The minister said he was concerned foreign aid could disturb the country's sovereignty so the government would carefully examine every offer of overseas assistance or cooperation.
A series of fire prevention workshops have since May been held in Jambi, South Sumatra, South Kalimantan and West Kalimantan.
The workshops involved participants from the ministries of forestry and agriculture, the office of coordinating minister for people's welfare, the state ministry of environment, forestry and agricultural businesspeople as well as local administrations and communities.
Kaban said forest fires had brought air pollution to neighboring countries but Indonesia should not be fully blamed.
"Not just Indonesia experiences forestry fires, the U.S. also experiences (them)," said Kaban.
Forest fires in Indonesia were a natural phenomenon and directly related to the country's lengthy dry season, he said.
Last year, Singapore Prime Minister Lee Hsien Loong wrote a letter to President Susilo Bambang Yudhoyono expressing his disappointment over smog from land-clearing fires in Indonesia because the smog had blanketed parts of Southeast Asia.
But Kaban said about 60 percent of the fires were located in peatlands, which were high-risk fire zones during the dry season.

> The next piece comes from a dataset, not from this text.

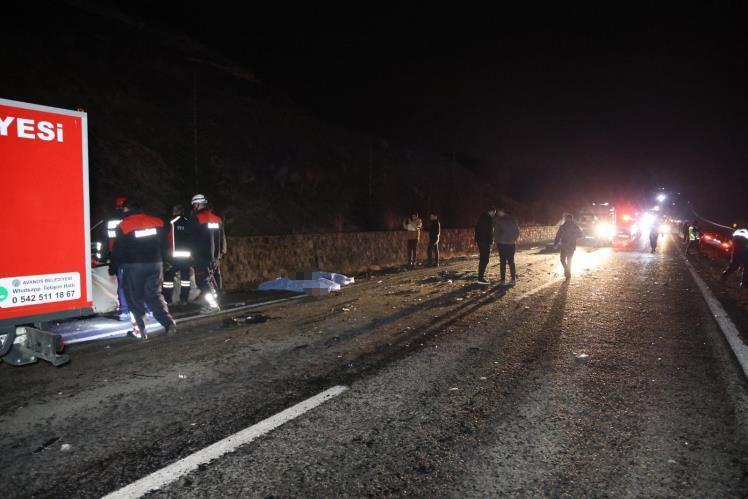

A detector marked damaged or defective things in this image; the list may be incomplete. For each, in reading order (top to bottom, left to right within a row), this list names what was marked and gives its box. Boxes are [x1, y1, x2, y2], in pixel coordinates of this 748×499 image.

It was reported the Singapore government had proposed a master plan to help the Indonesian government to handle forest fires.
According to Singapore's Minister of the Environment and Water Resources Yaacob Ibrahim, the proposal would include a strategy to assist Jambi, a province in Sumatra, in the prevention of fire disasters.
But Kaban said he had not received the proposal.
This year the government would allocate up to Rp 144 billion (US$15.8 million) to deal with forest fires and smog and to alleviate condemnation from neighboring countries.
The government said last week governors and regents would be prepared to deal with the disasters and would aim to reach a target of "zero hot spots".
"We now have less than 100 hot spots across Kalimantan, South Sulawesi, Riau, Jambi and North Sumatra," Kaban said.
"Last year, there were thousands."
The ASEAN Specialized Meteorological Service in Singapore said between June and August last year, 52,599 hot spots affected 8,500 ha of forest land across Indonesia.
And forest-fire haze from Indonesia last year affected millions of people in Malaysia, Singapore, Brunei, parts of Thailand and the Philippines.